→ Problem
The listing must be reproduced in full, exactly as it stands.

··········

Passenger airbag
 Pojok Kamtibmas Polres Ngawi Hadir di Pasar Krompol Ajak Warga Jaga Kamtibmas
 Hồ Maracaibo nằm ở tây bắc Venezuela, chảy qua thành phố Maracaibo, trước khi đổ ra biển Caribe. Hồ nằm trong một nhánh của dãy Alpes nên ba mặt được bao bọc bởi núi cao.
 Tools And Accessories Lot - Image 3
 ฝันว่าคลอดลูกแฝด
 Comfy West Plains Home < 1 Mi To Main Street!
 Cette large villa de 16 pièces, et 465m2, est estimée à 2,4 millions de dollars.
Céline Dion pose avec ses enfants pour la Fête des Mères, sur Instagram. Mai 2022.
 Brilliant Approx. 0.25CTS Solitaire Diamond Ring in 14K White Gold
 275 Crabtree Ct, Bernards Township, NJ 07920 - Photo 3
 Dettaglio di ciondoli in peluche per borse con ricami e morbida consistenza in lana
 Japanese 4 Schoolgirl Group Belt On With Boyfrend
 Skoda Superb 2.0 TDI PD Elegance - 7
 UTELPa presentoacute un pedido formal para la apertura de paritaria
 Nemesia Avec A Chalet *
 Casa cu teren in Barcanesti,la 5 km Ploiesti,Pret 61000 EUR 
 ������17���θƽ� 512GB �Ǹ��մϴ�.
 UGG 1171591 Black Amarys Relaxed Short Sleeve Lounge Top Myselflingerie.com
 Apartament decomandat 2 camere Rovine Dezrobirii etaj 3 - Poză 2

··········

→ Solution to this task
Passenger airbag
 Pojok Kamtibmas Polres Ngawi Hadir di Pasar Krompol Ajak Warga Jaga Kamtibmas
 Hồ Maracaibo nằm ở tây bắc Venezuela, chảy qua thành phố Maracaibo, trước khi đổ ra biển Caribe. Hồ nằm trong một nhánh của dãy Alpes nên ba mặt được bao bọc bởi núi cao.
 Tools And Accessories Lot - Image 3
 ฝันว่าคลอดลูกแฝด
 Comfy West Plains Home < 1 Mi To Main Street!
 Cette large villa de 16 pièces, et 465m2, est estimée à 2,4 millions de dollars.
Céline Dion pose avec ses enfants pour la Fête des Mères, sur Instagram. Mai 2022.
 Brilliant Approx. 0.25CTS Solitaire Diamond Ring in 14K White Gold
 275 Crabtree Ct, Bernards Township, NJ 07920 - Photo 3
 Dettaglio di ciondoli in peluche per borse con ricami e morbida consistenza in lana
 Japanese 4 Schoolgirl Group Belt On With Boyfrend
 Skoda Superb 2.0 TDI PD Elegance - 7
 UTELPa presentoacute un pedido formal para la apertura de paritaria
 Nemesia Avec A Chalet *
 Casa cu teren in Barcanesti,la 5 km Ploiesti,Pret 61000 EUR 
 ������17���θƽ� 512GB �Ǹ��մϴ�.
 UGG 1171591 Black Amarys Relaxed Short Sleeve Lounge Top Myselflingerie.com
 Apartament decomandat 2 camere Rovine Dezrobirii etaj 3 - Poză 2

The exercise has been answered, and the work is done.